===== Data shown
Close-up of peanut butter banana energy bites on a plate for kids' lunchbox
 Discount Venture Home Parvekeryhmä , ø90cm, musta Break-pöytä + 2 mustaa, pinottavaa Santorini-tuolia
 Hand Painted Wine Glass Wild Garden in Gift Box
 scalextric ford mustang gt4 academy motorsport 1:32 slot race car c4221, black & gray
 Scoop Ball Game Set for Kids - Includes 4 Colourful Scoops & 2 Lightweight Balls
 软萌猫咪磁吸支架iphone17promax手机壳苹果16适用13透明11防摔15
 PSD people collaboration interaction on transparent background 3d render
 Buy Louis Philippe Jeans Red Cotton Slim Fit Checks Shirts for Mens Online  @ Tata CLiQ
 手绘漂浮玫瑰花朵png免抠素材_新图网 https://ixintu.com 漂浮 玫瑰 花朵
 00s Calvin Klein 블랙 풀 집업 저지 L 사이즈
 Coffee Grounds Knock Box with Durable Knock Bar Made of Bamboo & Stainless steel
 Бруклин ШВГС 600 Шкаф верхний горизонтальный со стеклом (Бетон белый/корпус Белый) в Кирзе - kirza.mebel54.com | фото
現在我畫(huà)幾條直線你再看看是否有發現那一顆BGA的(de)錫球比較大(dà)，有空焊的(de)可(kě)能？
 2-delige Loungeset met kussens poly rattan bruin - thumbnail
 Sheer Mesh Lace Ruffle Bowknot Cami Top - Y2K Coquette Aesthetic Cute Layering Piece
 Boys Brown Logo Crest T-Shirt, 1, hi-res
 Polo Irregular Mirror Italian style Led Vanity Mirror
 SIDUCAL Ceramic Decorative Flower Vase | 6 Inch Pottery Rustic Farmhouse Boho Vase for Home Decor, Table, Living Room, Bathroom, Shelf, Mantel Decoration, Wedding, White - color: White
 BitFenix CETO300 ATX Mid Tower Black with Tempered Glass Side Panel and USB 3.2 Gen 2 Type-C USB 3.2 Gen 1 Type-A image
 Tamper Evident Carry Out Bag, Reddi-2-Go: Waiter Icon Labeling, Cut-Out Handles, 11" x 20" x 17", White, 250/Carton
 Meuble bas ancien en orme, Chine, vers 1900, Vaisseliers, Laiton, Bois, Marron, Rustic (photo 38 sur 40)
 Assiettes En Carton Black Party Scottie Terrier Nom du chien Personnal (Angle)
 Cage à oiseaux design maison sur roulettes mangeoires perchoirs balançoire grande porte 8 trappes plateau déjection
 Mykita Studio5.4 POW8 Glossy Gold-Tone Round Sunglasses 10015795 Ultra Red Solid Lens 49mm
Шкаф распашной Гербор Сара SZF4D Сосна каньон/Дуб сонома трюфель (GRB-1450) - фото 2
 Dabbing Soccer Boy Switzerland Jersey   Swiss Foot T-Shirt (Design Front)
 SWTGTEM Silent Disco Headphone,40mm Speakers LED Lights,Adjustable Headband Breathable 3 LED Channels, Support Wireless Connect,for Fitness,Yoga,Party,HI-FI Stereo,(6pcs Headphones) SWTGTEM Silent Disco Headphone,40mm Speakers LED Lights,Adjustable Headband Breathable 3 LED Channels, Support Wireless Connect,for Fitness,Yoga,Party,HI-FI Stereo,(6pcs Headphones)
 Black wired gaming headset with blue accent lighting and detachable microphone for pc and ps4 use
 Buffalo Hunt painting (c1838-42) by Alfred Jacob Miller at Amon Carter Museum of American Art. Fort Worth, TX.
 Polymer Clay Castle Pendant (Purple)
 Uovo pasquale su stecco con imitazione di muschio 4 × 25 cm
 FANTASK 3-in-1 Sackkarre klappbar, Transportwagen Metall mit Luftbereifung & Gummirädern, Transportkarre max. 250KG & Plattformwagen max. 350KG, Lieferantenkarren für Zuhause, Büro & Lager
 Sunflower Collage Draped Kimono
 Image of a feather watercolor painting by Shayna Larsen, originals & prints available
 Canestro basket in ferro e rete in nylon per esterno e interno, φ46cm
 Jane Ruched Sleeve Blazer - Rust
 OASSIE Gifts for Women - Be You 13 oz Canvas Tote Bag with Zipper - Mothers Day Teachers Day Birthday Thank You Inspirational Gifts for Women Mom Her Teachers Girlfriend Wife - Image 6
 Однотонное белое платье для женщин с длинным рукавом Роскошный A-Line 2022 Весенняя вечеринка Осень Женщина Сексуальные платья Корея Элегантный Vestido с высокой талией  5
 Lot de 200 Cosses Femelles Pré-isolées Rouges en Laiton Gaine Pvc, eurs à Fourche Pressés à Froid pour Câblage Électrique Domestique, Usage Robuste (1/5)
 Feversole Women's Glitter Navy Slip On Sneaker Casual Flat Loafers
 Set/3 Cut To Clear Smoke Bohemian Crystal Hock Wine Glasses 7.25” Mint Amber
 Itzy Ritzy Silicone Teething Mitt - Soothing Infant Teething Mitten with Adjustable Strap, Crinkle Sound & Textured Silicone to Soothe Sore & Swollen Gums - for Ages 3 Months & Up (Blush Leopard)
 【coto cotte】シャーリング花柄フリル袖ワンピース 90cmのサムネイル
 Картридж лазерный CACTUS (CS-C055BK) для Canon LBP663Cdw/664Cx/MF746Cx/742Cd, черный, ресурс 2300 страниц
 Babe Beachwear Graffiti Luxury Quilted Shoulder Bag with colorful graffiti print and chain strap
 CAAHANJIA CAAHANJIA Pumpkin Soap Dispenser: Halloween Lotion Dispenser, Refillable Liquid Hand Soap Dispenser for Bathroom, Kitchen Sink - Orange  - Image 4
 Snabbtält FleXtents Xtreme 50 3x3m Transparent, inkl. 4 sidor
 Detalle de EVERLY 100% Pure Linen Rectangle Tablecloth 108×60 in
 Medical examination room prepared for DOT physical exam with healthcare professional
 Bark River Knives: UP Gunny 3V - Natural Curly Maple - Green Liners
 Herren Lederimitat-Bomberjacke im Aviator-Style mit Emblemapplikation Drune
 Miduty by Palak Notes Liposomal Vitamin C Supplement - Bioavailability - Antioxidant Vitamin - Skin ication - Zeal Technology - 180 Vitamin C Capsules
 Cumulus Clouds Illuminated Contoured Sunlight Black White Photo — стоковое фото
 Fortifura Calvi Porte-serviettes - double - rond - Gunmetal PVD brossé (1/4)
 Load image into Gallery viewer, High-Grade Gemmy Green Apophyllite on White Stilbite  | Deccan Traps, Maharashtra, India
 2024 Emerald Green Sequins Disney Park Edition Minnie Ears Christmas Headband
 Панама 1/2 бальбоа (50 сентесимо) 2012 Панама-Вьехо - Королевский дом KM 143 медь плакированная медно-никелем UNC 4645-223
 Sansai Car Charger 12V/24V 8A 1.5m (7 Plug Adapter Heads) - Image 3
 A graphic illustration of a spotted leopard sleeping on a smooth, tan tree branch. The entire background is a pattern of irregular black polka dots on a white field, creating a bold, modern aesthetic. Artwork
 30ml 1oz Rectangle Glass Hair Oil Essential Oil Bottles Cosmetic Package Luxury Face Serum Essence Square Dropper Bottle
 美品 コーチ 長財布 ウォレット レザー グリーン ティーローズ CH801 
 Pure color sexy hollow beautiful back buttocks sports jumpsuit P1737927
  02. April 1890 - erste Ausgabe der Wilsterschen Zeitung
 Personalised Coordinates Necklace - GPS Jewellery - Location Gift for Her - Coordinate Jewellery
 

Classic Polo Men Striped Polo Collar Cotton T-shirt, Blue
==========
◆ What is expected ◆
Scan the entries above for the line containing "Бруклин ШВГС 600", and copy it and all lines after it exactly, down to and including the line containing "Tamper Evident Carry".

◆ Expected answer ◆
 Бруклин ШВГС 600 Шкаф верхний горизонтальный со стеклом (Бетон белый/корпус Белый) в Кирзе - kirza.mebel54.com | фото
現在我畫(huà)幾條直線你再看看是否有發現那一顆BGA的(de)錫球比較大(dà)，有空焊的(de)可(kě)能？
 2-delige Loungeset met kussens poly rattan bruin - thumbnail
 Sheer Mesh Lace Ruffle Bowknot Cami Top - Y2K Coquette Aesthetic Cute Layering Piece
 Boys Brown Logo Crest T-Shirt, 1, hi-res
 Polo Irregular Mirror Italian style Led Vanity Mirror
 SIDUCAL Ceramic Decorative Flower Vase | 6 Inch Pottery Rustic Farmhouse Boho Vase for Home Decor, Table, Living Room, Bathroom, Shelf, Mantel Decoration, Wedding, White - color: White
 BitFenix CETO300 ATX Mid Tower Black with Tempered Glass Side Panel and USB 3.2 Gen 2 Type-C USB 3.2 Gen 1 Type-A image
 Tamper Evident Carry Out Bag, Reddi-2-Go: Waiter Icon Labeling, Cut-Out Handles, 11" x 20" x 17", White, 250/Carton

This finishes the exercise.